= Samuel Hoadly =

Samuel Hoadly (1643–1705), was a schoolmaster and writer of educational books. His Natural Method of Teaching was the most popular school manual of its time, remaining in print for almost a century.

==Life==
Hoadly was born 30 September 1643 at Guildford, New England, whither his parents had fled at the outbreak of the great rebellion. In 1655 his parents returned to Great Britain and settled in Edinburgh, where Samuel was educated, matriculating in 1659 in the university. In 1662 his parents removed to Rolvenden in Kent. Next year Samuel became an assistant-master in the Cranbrook free school. He was in holy orders, but never held any benefice. Hoadly established a private school at Westerham in 1671, whence in 1678 he removed to Tottenham High Cross. In 1686 he removed to Brook House, Hackney. He was appointed in 1700 head-master of Norwich School, an appointment which he held till his death on 17 April 1705. He was twice married; first in 1666 to Mary Wood, who died in childbirth in 1668; secondly, in 1669, to Martha, daughter of a priest called Pickering. By his second wife he had a large family of nine children, among whom were Benjamin Hoadly, Bishop of Winchester, and John Hoadly, Archbishop of Armagh.

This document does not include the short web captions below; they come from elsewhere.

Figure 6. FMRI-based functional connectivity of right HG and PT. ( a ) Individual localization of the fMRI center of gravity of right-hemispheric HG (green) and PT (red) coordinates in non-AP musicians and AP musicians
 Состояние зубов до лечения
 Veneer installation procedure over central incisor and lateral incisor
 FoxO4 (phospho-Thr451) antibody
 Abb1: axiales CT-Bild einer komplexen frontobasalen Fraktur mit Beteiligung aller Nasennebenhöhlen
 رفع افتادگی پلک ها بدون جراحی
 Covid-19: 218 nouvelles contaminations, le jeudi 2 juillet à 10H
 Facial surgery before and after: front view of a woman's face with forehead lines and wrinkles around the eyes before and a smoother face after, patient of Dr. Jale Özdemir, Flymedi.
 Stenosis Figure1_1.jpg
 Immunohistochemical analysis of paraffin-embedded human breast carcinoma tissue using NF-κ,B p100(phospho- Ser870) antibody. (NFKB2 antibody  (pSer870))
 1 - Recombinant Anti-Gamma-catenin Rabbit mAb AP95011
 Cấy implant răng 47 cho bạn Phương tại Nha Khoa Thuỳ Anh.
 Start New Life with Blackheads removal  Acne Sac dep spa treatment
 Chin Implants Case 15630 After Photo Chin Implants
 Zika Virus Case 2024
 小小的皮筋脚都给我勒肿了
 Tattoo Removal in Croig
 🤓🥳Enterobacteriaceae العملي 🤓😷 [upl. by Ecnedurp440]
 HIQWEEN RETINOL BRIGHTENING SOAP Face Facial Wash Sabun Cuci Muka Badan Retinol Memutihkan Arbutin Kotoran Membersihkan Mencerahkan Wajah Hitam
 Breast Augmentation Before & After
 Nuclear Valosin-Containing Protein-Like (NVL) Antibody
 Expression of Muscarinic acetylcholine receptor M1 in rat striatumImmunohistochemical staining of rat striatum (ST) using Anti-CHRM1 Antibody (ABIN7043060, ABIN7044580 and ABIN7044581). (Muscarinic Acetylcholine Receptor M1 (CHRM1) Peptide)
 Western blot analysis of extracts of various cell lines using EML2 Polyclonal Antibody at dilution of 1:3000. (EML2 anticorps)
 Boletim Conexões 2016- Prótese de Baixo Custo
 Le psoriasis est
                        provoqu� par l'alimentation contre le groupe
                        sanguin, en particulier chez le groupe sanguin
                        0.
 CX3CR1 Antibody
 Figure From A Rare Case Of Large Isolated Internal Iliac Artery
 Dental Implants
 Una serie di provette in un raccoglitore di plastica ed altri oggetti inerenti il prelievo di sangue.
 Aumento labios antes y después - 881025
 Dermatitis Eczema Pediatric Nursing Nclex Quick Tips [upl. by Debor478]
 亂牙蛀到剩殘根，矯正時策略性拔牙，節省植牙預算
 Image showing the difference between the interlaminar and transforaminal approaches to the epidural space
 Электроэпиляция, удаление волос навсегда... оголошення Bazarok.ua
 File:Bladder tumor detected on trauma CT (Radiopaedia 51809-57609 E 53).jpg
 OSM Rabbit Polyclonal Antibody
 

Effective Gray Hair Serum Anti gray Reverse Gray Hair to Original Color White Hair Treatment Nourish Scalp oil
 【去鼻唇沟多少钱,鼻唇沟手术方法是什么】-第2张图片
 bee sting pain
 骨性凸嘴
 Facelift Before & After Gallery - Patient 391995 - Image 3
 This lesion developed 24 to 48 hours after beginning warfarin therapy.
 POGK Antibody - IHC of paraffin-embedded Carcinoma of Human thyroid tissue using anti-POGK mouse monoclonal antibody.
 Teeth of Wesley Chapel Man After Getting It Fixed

Hoadly's Natural Method of Teaching, being the Accidence in Questions and Answers &c., a kind of English and Latin grammar combined (1683), was the most popular school manual of the age, and before 1773 reached its eleventh edition. In 1700 he published a school edition of Phædrus and the Maxims of Publilius Syrus. He had some correspondence with Grævius, in which occur notices of Bentley's projected edition of 'Hesychius' and of the controversy upon the Phalaris question. It was probably owing to the recommendation of Grævius that several young foreign scholars became boarders in Hoadly's house in order to learn English.